Positive semidefinite versus all the eigenvalues having non-negative real parts

Question

1. Suppose matrix $A$ with all its eigenvalues having non-negative real parts, can we get that $x^TAx\geq0$ holds for any vector $x$?

2. Suppose matrix $A$ is positive semidefinite, $B$ is a positive definite diagonal matrix with the same dimension as $A$. Do all the eigenvalues of $AB$ have nonnegative real parts?

Answer 1

In terms of the second question, this is true.
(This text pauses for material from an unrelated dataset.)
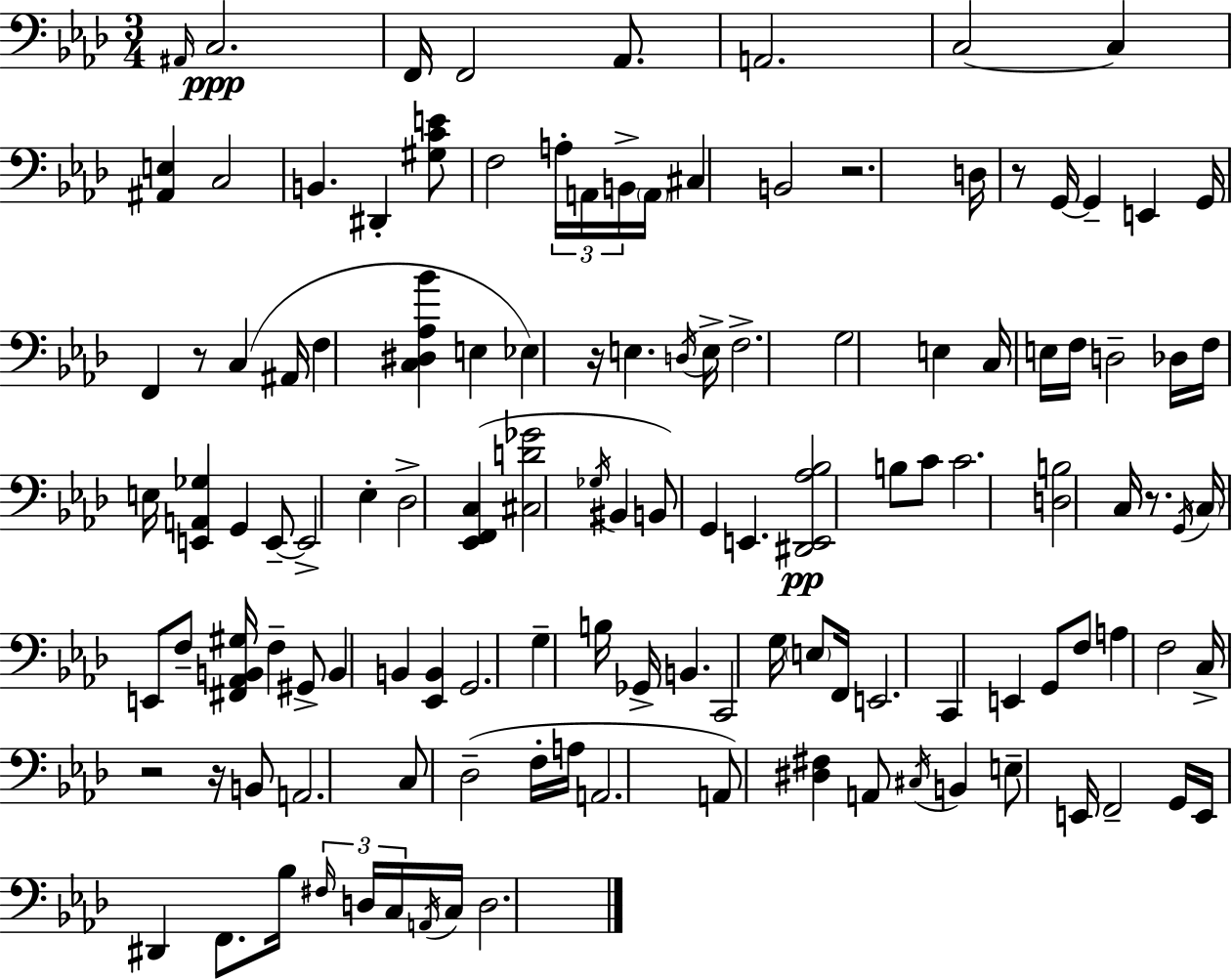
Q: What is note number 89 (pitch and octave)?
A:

Since $B$ is a diagonal positive definite matrix, $B^{\frac{1}{2}}$ is invertible. Then $B^{\frac{1}{2}}ABB^{-\frac{1}{2}}=B^{\frac{1}{2}}AB^{\frac{1}{2}}=(B^T)^{\frac{1}{2}}AB^{\frac{1}{2}}$, which is positive semi-definite.

Therefore, all the eigenvalues of $AB$ have non-negative real parts.

Answer 2

For your first question, the answer is negative. A counter-examples is as follows.

Consider $A = \begin{bmatrix}1 & -100\\0 & 1\end{bmatrix}$ which has two non-negative real parts, but we have $x^{\mathrm T}Ax = -98$ when $x = \begin{bmatrix}1\\1\end{bmatrix}$.